Studio album by The Residents
- Released: March 24, 2017
- Recorded: 2014–2016
- Genre: Dark ambient; rock;
- Length: 47:17
- Label: MVD Audio, Cherry Red Records
- Producer: Eric Drew Feldman; The Residents;

The Residents chronology
| Lonely Teenager (2011) | The Ghost of Hope (2017) | Intruders (2018) |

= The Ghost of Hope =

The Ghost of Hope is a studio album by American art rock band the Residents. It is based around historical train wrecks. It was their last work with Hardy Fox before his death in 2018.

== Background ==
The Ghost of Hope was The Residents' first vocal album of entirely newly written material since 2008's The Bunny Boy. During that gap, the group focused on touring their 'Randy, Chuck & Bob' trilogy of live shows, starting in 2010 with Talking Light and concluding in July 2016 with Shadowland. During this time, the group released four new full-length albums: Postcards from Patmos, Hades, Lonely Teenager, and Mush-Room.

Postcards from Patmos and Hades were instrumental albums created as atmospheric soundtracks, with Patmos being the soundtrack to their 2008 Bunny Boy web show, sold exclusively on tour dates, and Hades as soundtrack for an unrealized art gallery installation, released as a digital exclusive. Lonely Teenager was a studio adaption of the Talking Light live show and only featured two newly written tracks, both of which had been debuted in the live show; the rest of the album's material consisted of re-recordings of selections of the band's back catalog. Mush-Room, released in 2013, was an instrumental album written for the Belgian dance group Needcompany. During this time group member Hardy Fox began anonymously releasing solo material under the persona of Charles Bobuck (a character from the Randy, Chuck & Bob trilogy). Seven Charles Bobuck albums were released on CD between 2012 and 2016, with additional digital downloads.

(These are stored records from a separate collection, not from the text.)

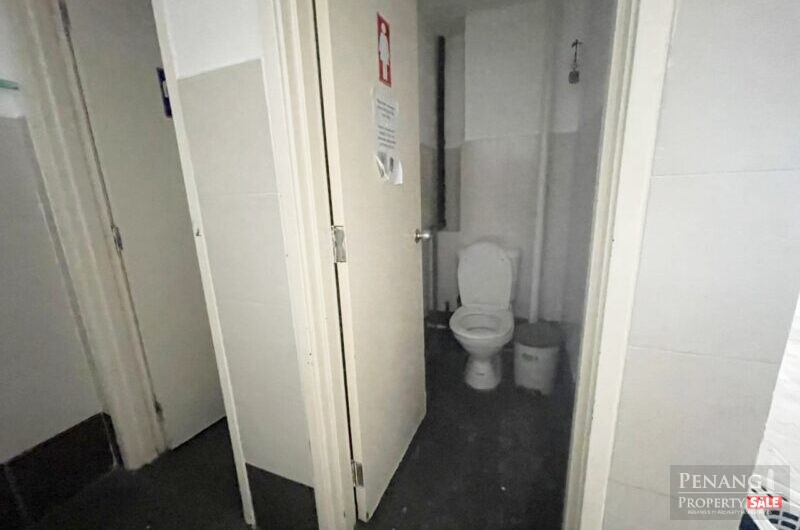 Elit Avenue First Floor 1700sf Suitable Office Bayan Baru Main Road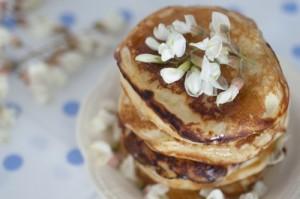 Pancakes cu mascarpone si flori de salcam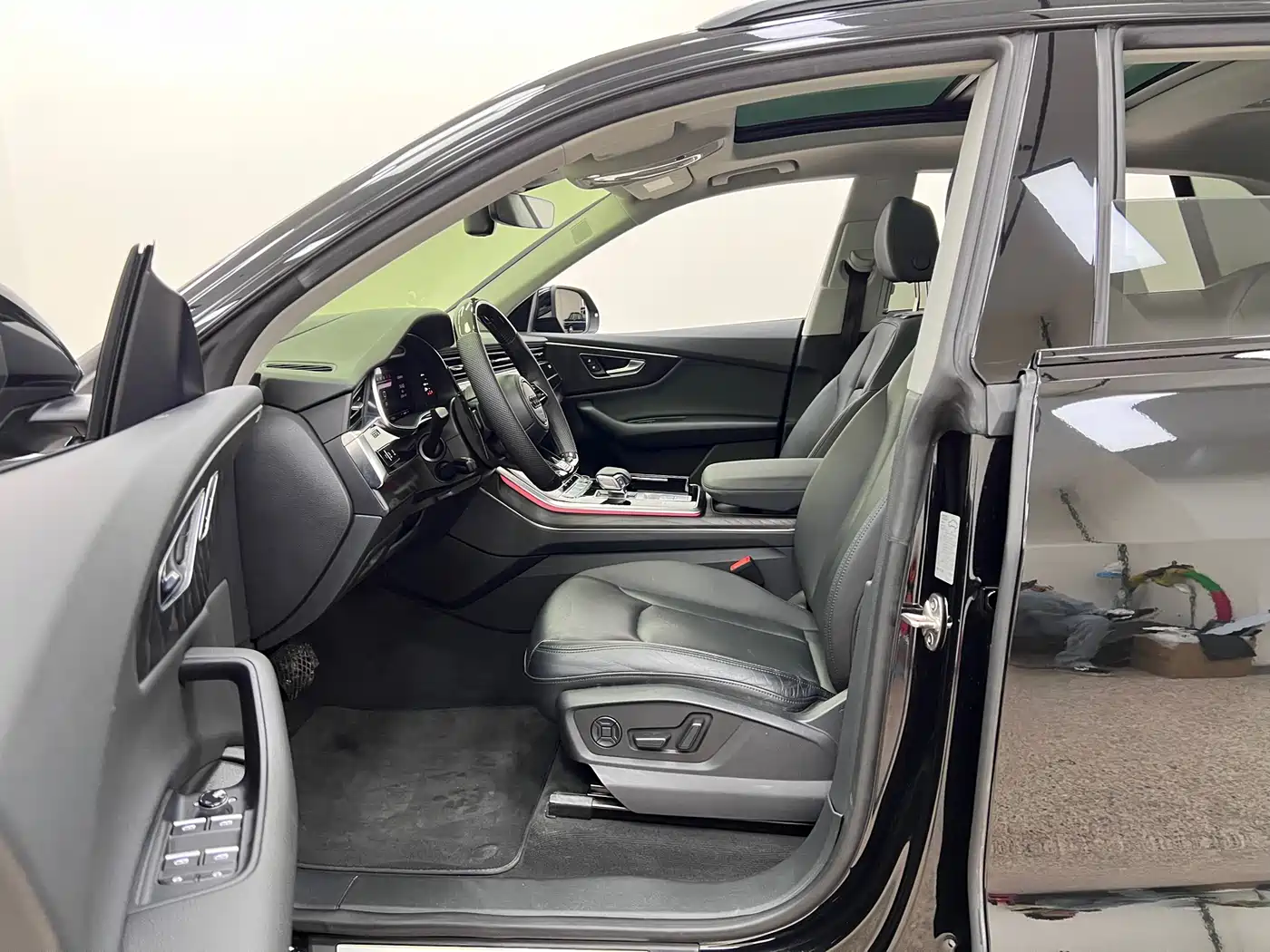 Audi Q8 2022 55 TFSI Luxury Dynamic фото 16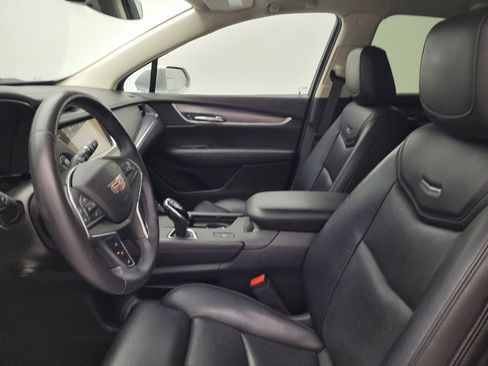 Used 2017 Cadillac XT5 Luxury w/ Driver Awareness Package FWD image 17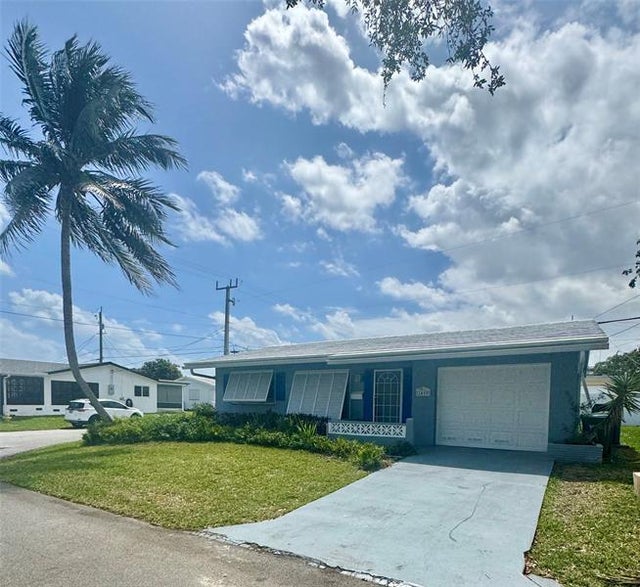 3 of 20 - 2400 Nw 55th St, Fort Lauderdale, FL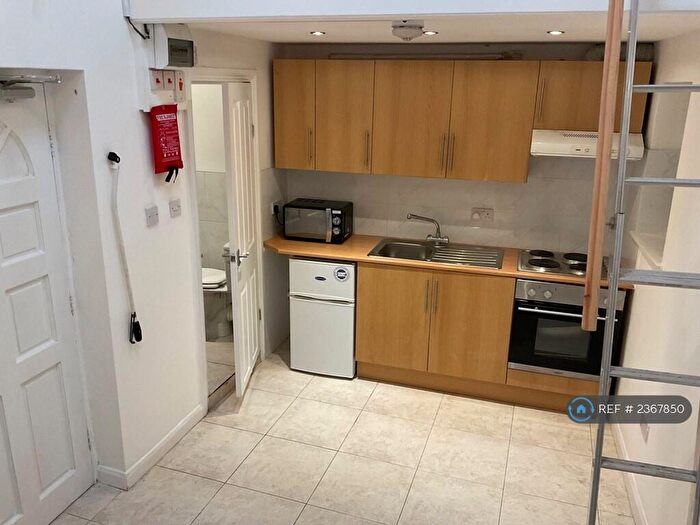 Studio To Rent In London, London, NW10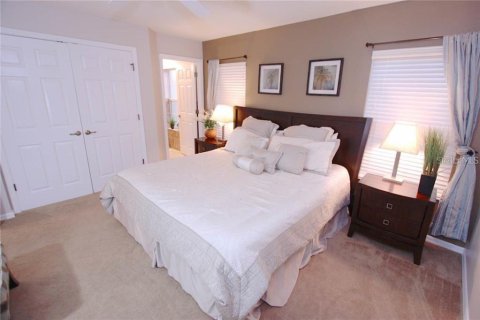 Casa en alquiler en Kissimmee, Florida, 4 dormitorios, 151.99 m2 № 1906110 - foto 12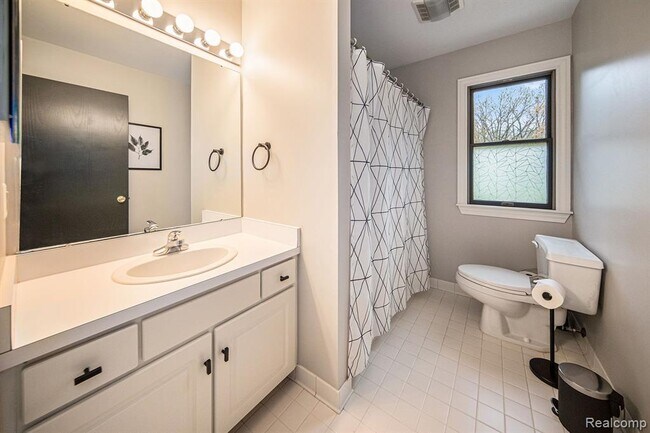 Building Photo - 695 Heritage Dr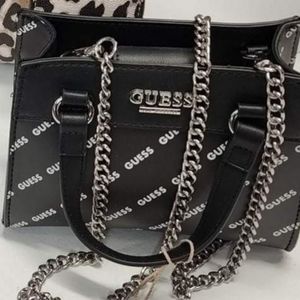 GORGEOUS NEW GUESSCROSSBODY.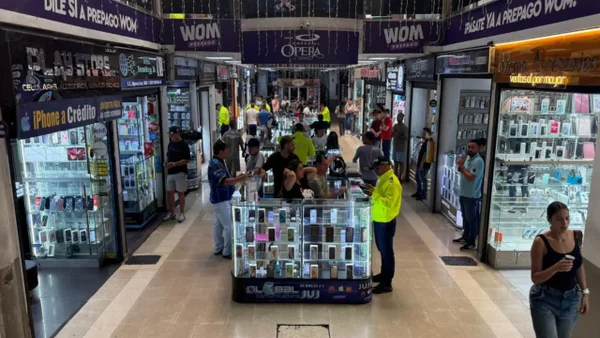 Megaoperativo permitió desmantelar red dedicada a modificar y revender celulares hurtados en Medellín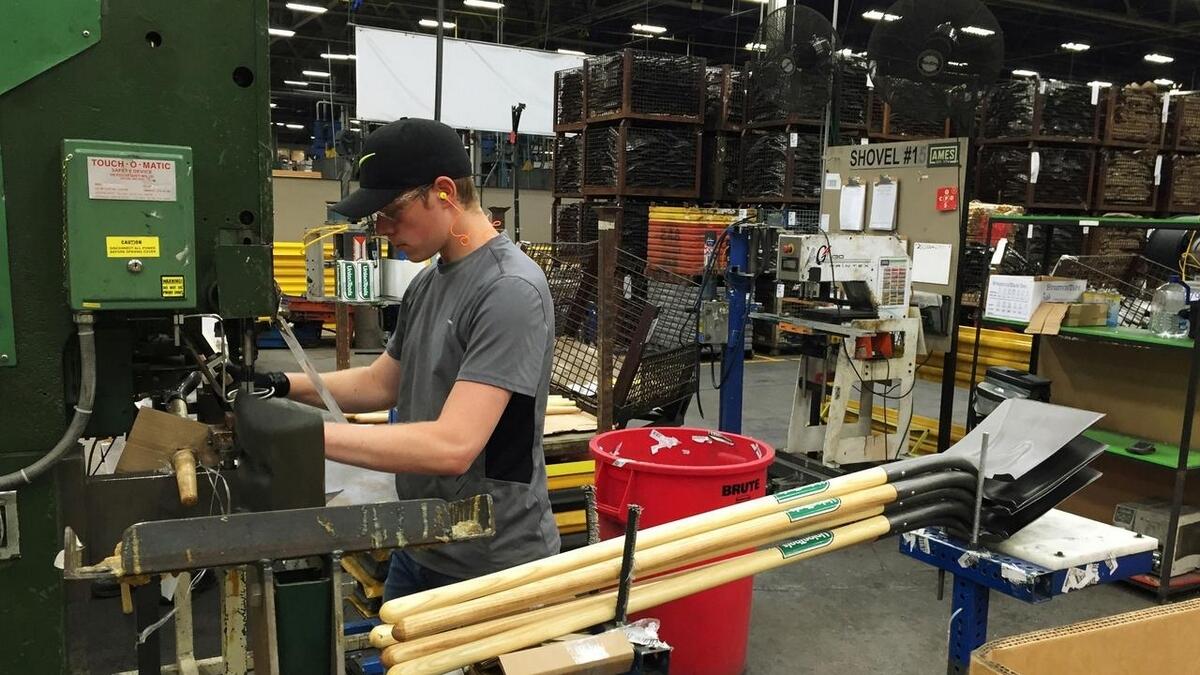 US manufacturing activity weakest in over a decade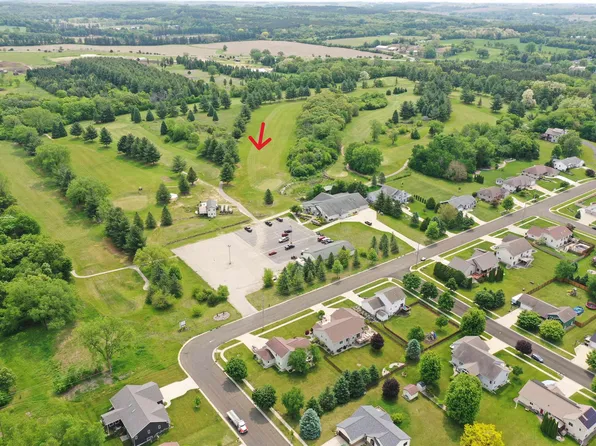 1004 Links Dr, Poynette, WI 53955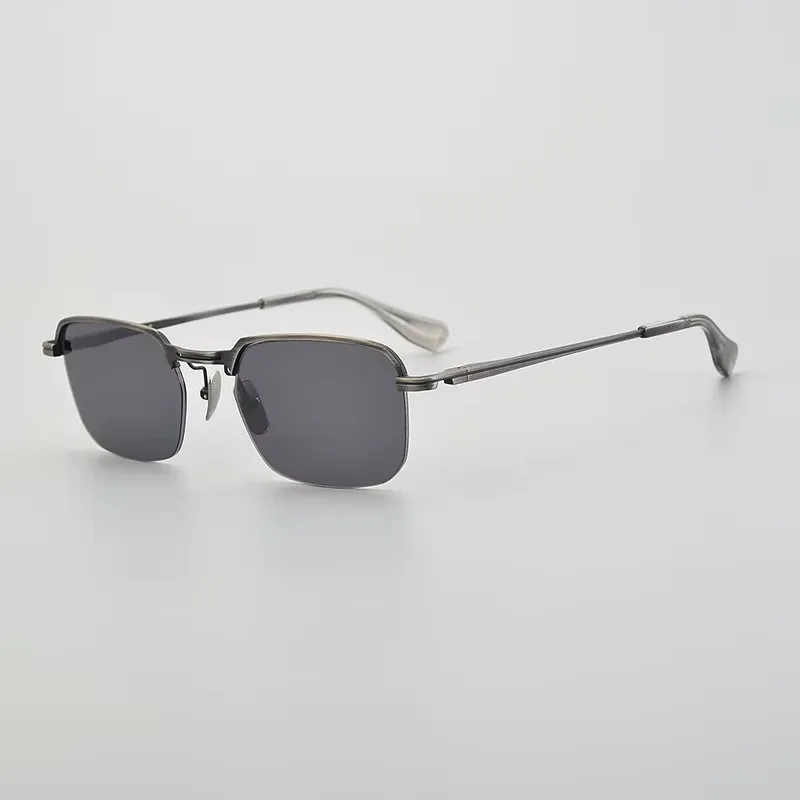 Fashionable Simple Men Sunglasses Gradient Fashion Half-frame Square Glasses and Women Sunglasses for Cycling and Traveling
Fashionable Simple Men Sunglasses Gradient Fashion Half-frame Square Glasses and Women Sunglasses for Cycling and Traveling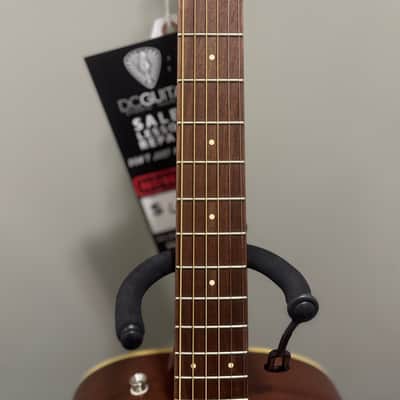 Fender Malibu Player - Walnut Fingerboard, White Pickguard, Fiesta Red image 3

According to The Residents' spokesperson Homer Flynn, the group had wanted to create a train-inspired album for a long time, and were pushed to do so by one member in particular. Despite this insistence, the group hadn’t been able to find an entry point for the concept until 2013, when someone suggested making an album on historical train wrecks. The group liked the idea and began searching for a book on the subject through Amazon, before eventually landing on Death by Train, a Kindle collection of 50-60 newspaper articles detailing train wrecks written between the late 1800s to the early 1900s. Eventually, the Residents selected 10-12 of these articles to base the album upon. The group loved the elegant language of the period and wanted to contrast it against the horror of the events it was describing.

Speaking in character as Charles Bobuck, Fox stated that he had written the music for the album in 2014 and that the recording process was delayed by constant touring commitments. Fox had intended to have the album finished by spring of 2015 and released in September of that year. He had also planned to help his replacement Eric Drew Feldman arrange a live version in the fall of that year, but since the Shadowland tour continued to push The Ghost of Hope aside, Fox left the group out of boredom. The Shadowland tour lasted from May 2014 to July 2016. After the album's release, Fox (again speaking as Bobuck) said, "There are bits and pieces that I remember having written scattered through it. My playing is minimal."

Flynn noted that the album sonically harkened back to their 1979 album Eskimo, particularly the idea of constructing narrative throughout soundscape. The album also contained a booklet detailing the real-life stories behind the songs. The album featured Eric Drew Feldman collaborating with the group. The Ghost of Hope was Hardy Fox's final work with the Residents.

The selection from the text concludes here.